Can anyone help me understand the serialization behavior for many shared references to large strings? I’ve noticed that multiple shared references to strings end up duplicated on disk when serialized via Serialization.serialize()
.
For example:
julia> using Humanize, Serialization
julia> struct StringHolder
a::String
b::String
end
julia> s = join(rand('a':'z', 1024*1024)); # 1 MiB string
julia> sh = StringHolder(s, s);
julia> Humanize.datasize(Base.summarysize(sh), style=:bin) # The string is shared in memory.
"1.0 MiB"
julia> serialize("/tmp/sh", sh)
julia> run(`ls -lh /tmp/sh`) # Size on disk is 2 MiB! (duplicated!)
-rw-r--r-- 1 nathan.daly wheel 2.0M Mar 6 00:06 /tmp/sh
Process(`ls -lh /tmp/sh`, ProcessExited(0))
julia> sh_deserialized = deserialize("/tmp/sh"); # It's big now! :'(
julia> Humanize.datasize(Base.summarysize(sh_deserialized), style=:bin)
"2.0 MiB"
Is there any way to ask julia to intern the strings and just write references to them throughout the data structures instead? If not, is there a workaround people commonly employ?
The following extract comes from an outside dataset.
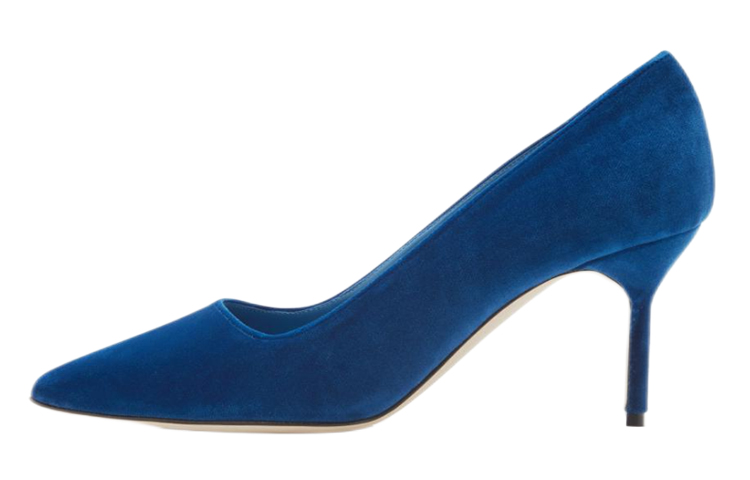 Buy (W) Manolo Blahnik Tacones Altos Punta Fina de Terciopelo 'Azul' 319-1133-0010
I’ve noticed that we actually do already do exactly that for Symbol
s; so they are not duplicated on disk:
julia> struct SymbolHolder
a::Symbol
b::Symbol
end
julia> s = Symbol(join(rand('a':'z', 1024*1024))); # 1 MiB Symbol
julia> sh = SymbolHolder(s, s);
julia> Humanize.datasize(Base.summarysize(sh), style=:bin) # So tiny! I guess because it just holds integer identifiers for the Symbols?
"16.0 B"
julia> serialize("/tmp/sh", sh)
julia> run(`ls -lh /tmp/sh`) # Only 1 MiB, because the Symbol is only written once!
-rw-r--r-- 1 nathan.daly wheel 1.0M Mar 6 00:01 /tmp/sh
Process(`ls -lh /tmp/sh`, ProcessExited(0))
julia> sh_deserialized = deserialize("/tmp/sh");
julia> Humanize.datasize(Base.summarysize(sh_deserialized), style=:bin)
"16.0 B"
Can we do something like that for String serialization as well? Maybe with some threshold based on the length of the string or something?
Thanks!